## WORK TASK:
Write out the data below exactly as given, without any of its pictures.

## Web page caption snippets:
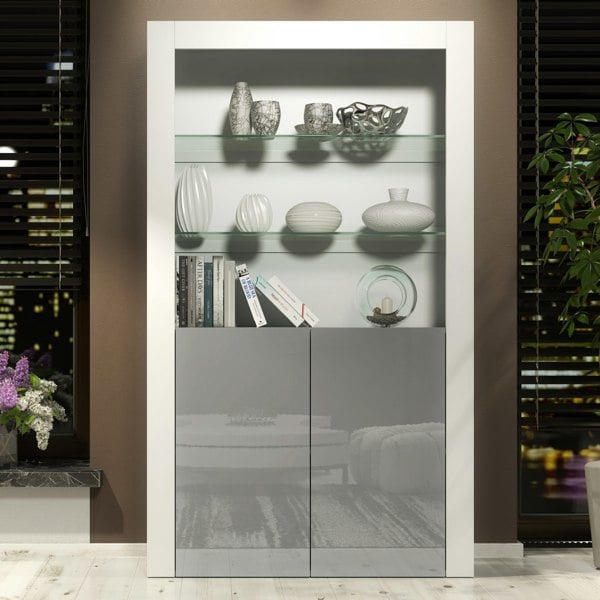 Mex Furniture Tall Display Cabinet 170cm White Matt Body and Grey Gloss Doors – Modern Open Shelving Unit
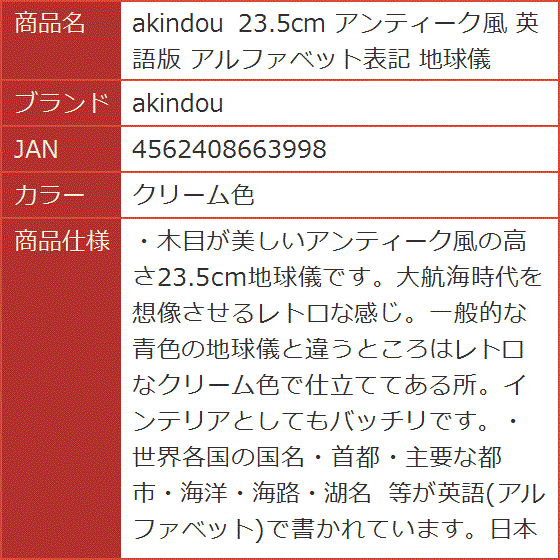 23.5cm アンティーク風 英語版 アルファベット表記 地球儀( クリーム色)｜horikku｜10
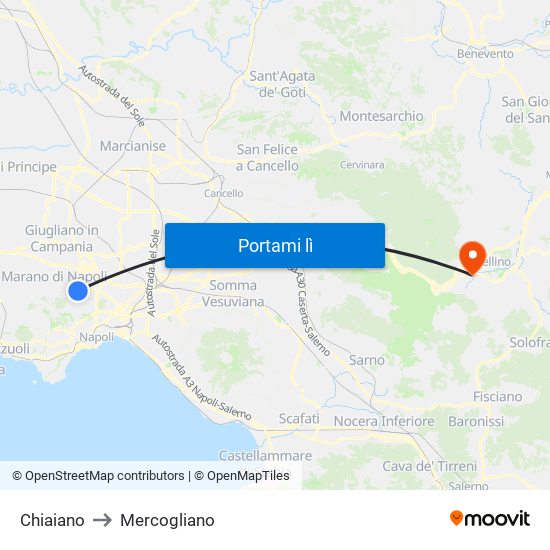 Chiaiano to Mercogliano map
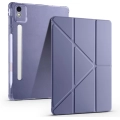 Lenovo Idea Tab Pro 12.7 TB-373FU Kılıf Standlı Tri Folding Kalemlikli Silikon Smart Cover - Mor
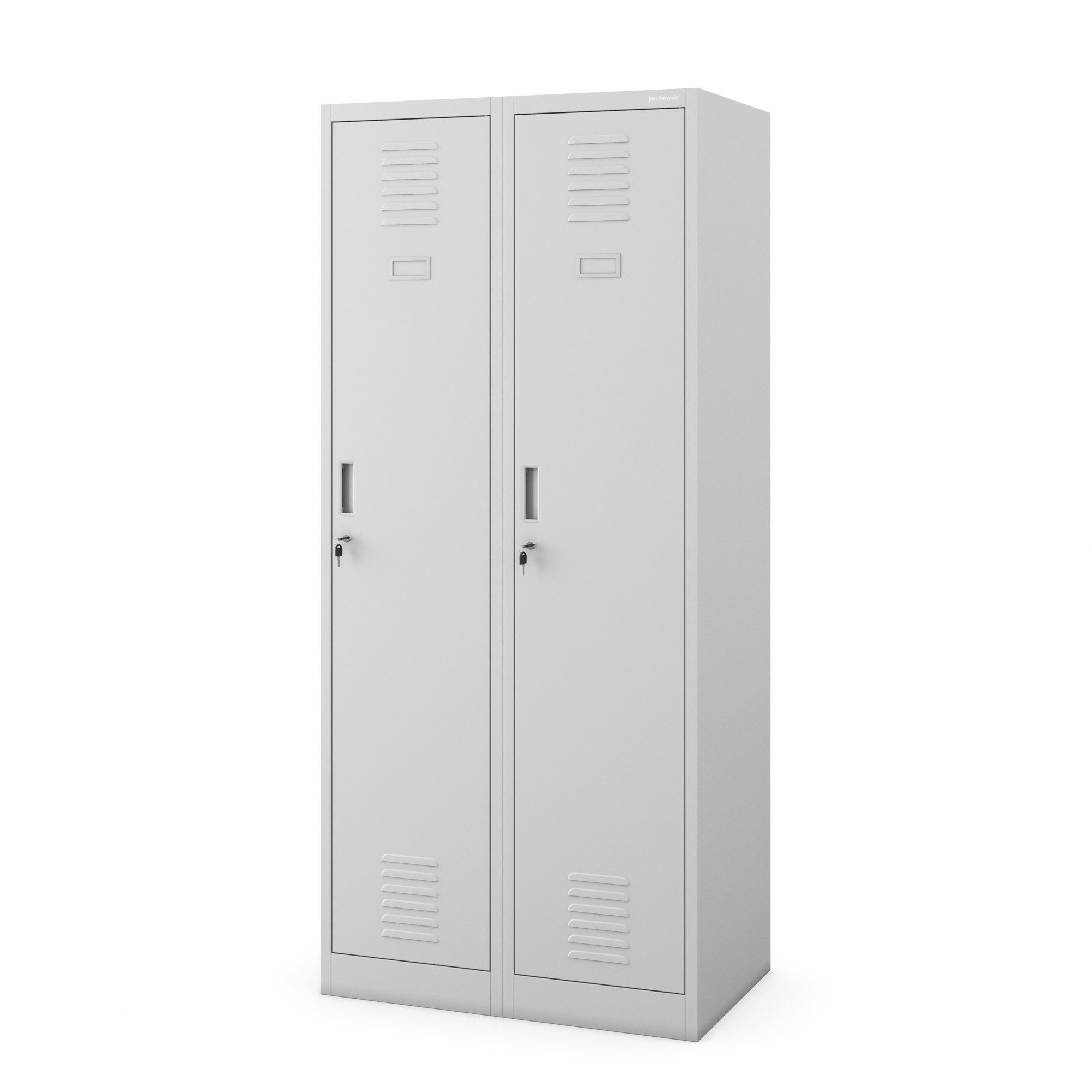 Jan Nowak Mehrzweckschrank Metall Umkleideschrank 80 cm KACPER 2 Abteile Kleiderstange Haken (0,6 mm 180 x 80 x 50 cm Lüftungsschlitze Wandmontage DSGVO) Spind abschließbar Schloss 180 cm hoch robust 10 Farben PZH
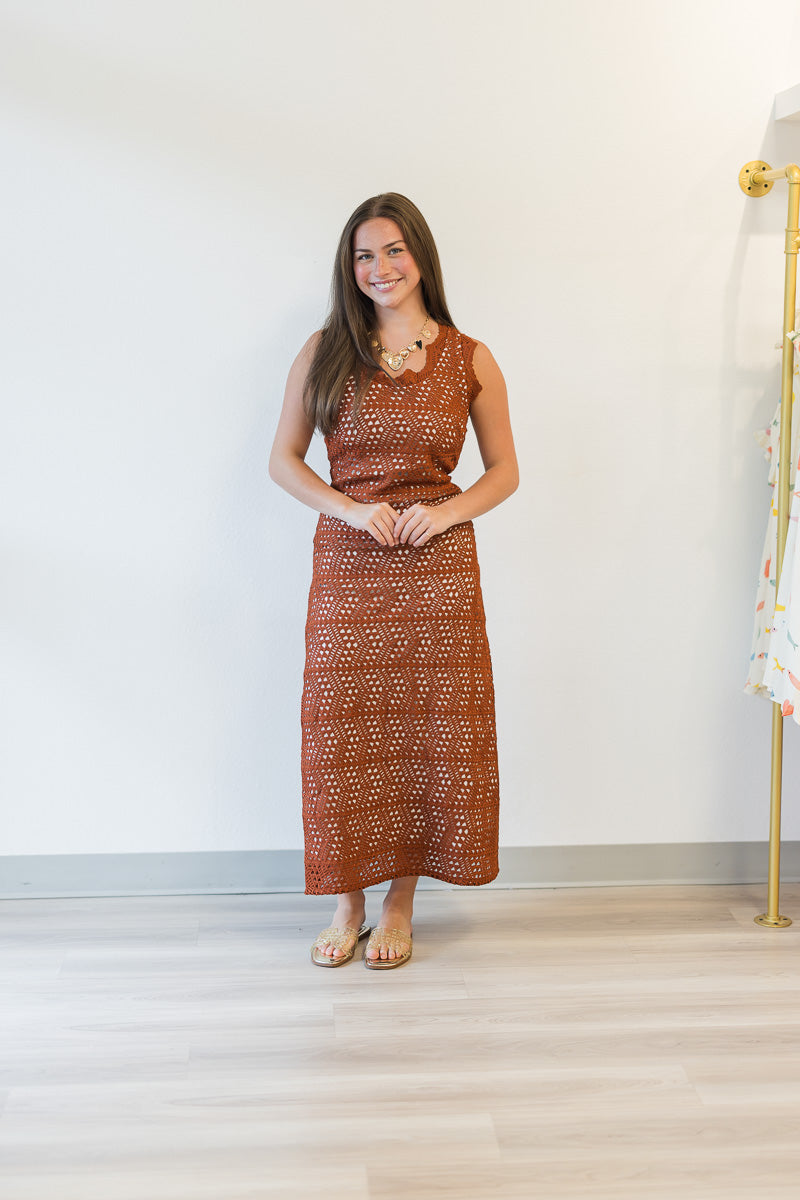 Rustic Charm Crochet Midi Dress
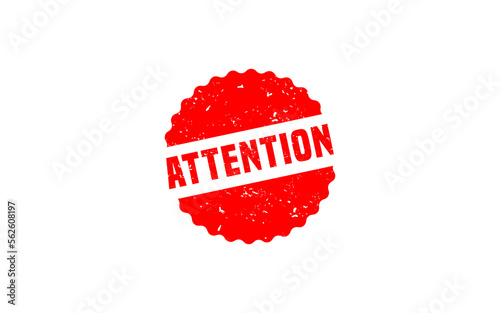 Fotografie ATTENTION stamp rubber with grunge style on white background.
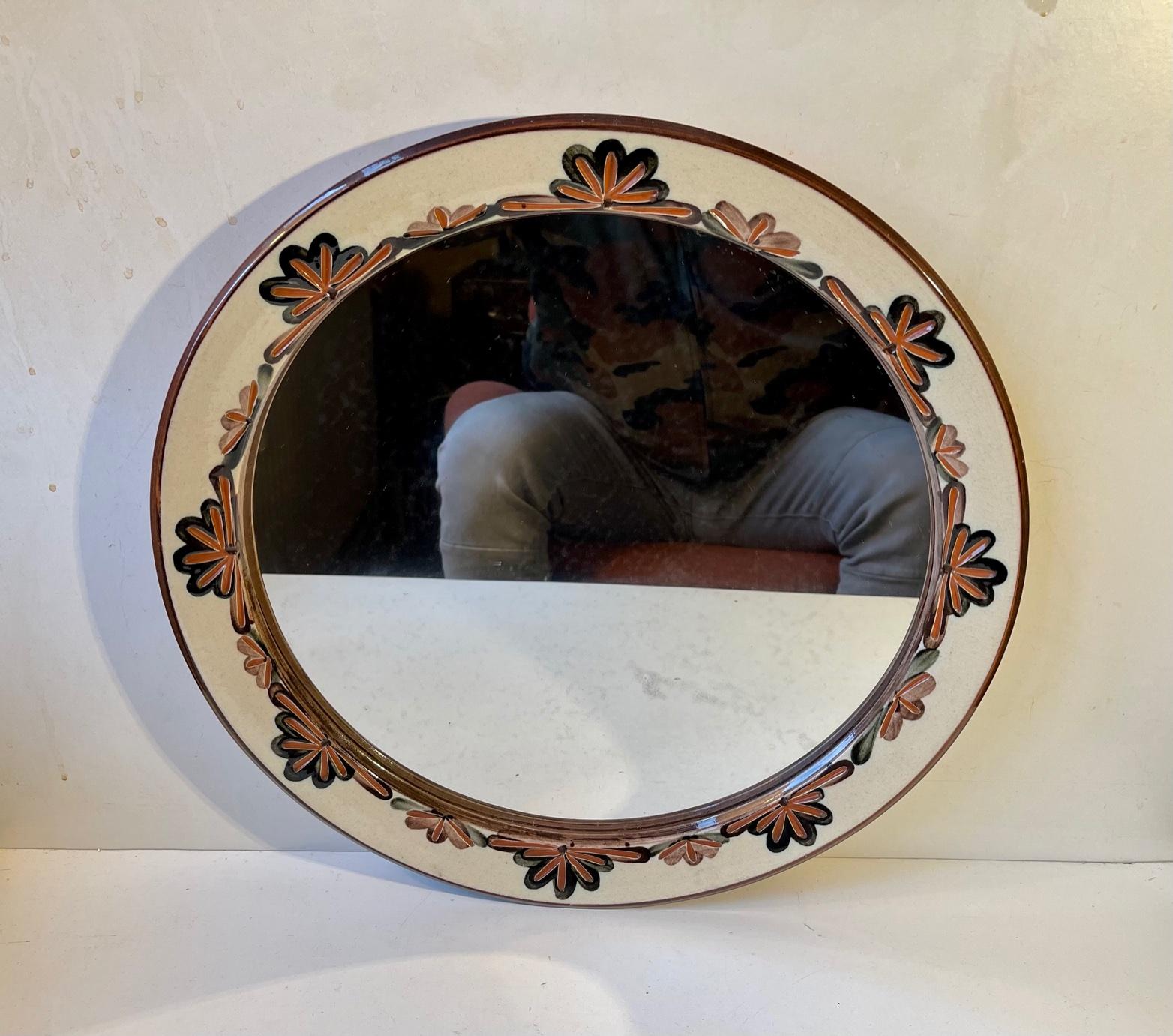 Mid-Century Modern Midcentury Circular Wall Mirror in Ceramic by Zoltan Kiss for Knabstrup, 1960s For Sale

## WRITTEN SOLUTION:
 Mex Furniture Tall Display Cabinet 170cm White Matt Body and Grey Gloss Doors – Modern Open Shelving Unit
 23.5cm アンティーク風 英語版 アルファベット表記 地球儀( クリーム色)｜horikku｜10
 Chiaiano to Mercogliano map
 Lenovo Idea Tab Pro 12.7 TB-373FU Kılıf Standlı Tri Folding Kalemlikli Silikon Smart Cover - Mor
 Jan Nowak Mehrzweckschrank Metall Umkleideschrank 80 cm KACPER 2 Abteile Kleiderstange Haken (0,6 mm 180 x 80 x 50 cm Lüftungsschlitze Wandmontage DSGVO) Spind abschließbar Schloss 180 cm hoch robust 10 Farben PZH
 Rustic Charm Crochet Midi Dress
 Fotografie ATTENTION stamp rubber with grunge style on white background.
 Mid-Century Modern Midcentury Circular Wall Mirror in Ceramic by Zoltan Kiss for Knabstrup, 1960s For Sale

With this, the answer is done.